L’infittirsi delle sanzioni economiche, ad esempio, ha finito col generare parecchie tentazioni centripete dal sistema Swift, ossia l’infrastruttura che sorregge lo scambio di informazioni bancarie a livello internazionale. La Russia qualche tempo fa, proprio in risposta alle sanzioni internazionali, ha costituito un suo sistema di pagamenti che si propone in qualche modo di ovviare alle difficoltà nel gestire le sue transazioni nei circuiti tradizionali. Meno noto ma sicuramente rilevante, è il sistema compensazione e regolazione che la Cina ha messo in piedi dal 2015 e che, nell’ultimo anno, secondo quanto riportano alcune cronache ha conosciuto un progresso rimarchevole nell’ordine dell’80%.

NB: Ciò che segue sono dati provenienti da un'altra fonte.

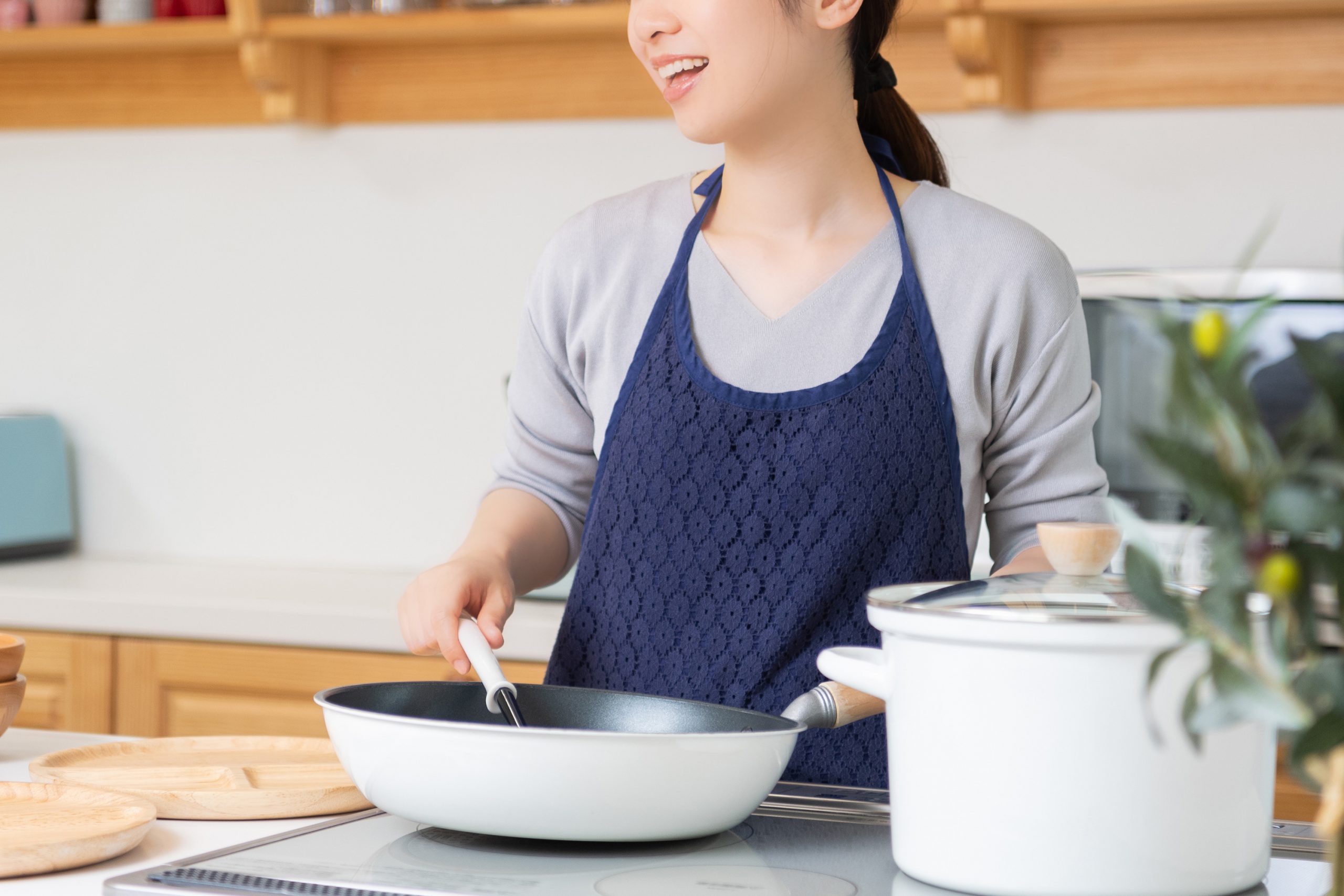 母の日にお母さんに贈るプレゼントは、料理好きなお母さんにはキッチングッズのプレゼントを選ぼう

Il sistema, che si chiama Cross-border Interbank Payment System (CIPS), è stato attivato dalla banca centrale cinese nell’ottobre del 2015, quindi assai prima che le tensioni internazionali conducessero al livello di guardia che osserviamo oggi. Ormai questa infrastruttura è diventata una realtà finanziaria robusta che coinvolge centinaia di banche, giapponesi soprattutto, ma anche europee e persino statunitensi.
Il sistema ha processato transazioni per 26 trilioni di yuan nel 2018, poco meno di quattro miliardi di dollari. Che sono una goccia nell’oceano delle transazioni che passano per Swift – fra i 5 e i 6 trilioni di dollari al giorno – ma sono comunque indice di una tendenza che, silenziosamente, si irrobustisce, probabilmente anche in relazione all’infittirsi delle tensioni internazionali.
Questo strumento svolge un ruolo chiaro, anche se ancora embrionale, nel grande gioco, che in fondo è squisitamente politico, teso a replicare nel mondo valutario quel multipolarismo politico che molti dicono di voler realizzare. Un mondo che già esiste nei fatti, visto che, secondo i dati Bce elaborati su quelli Swift, le transazioni in dollari globali sono meno del 40% del totale, con l’euro ormai assai vicino per quota complessiva.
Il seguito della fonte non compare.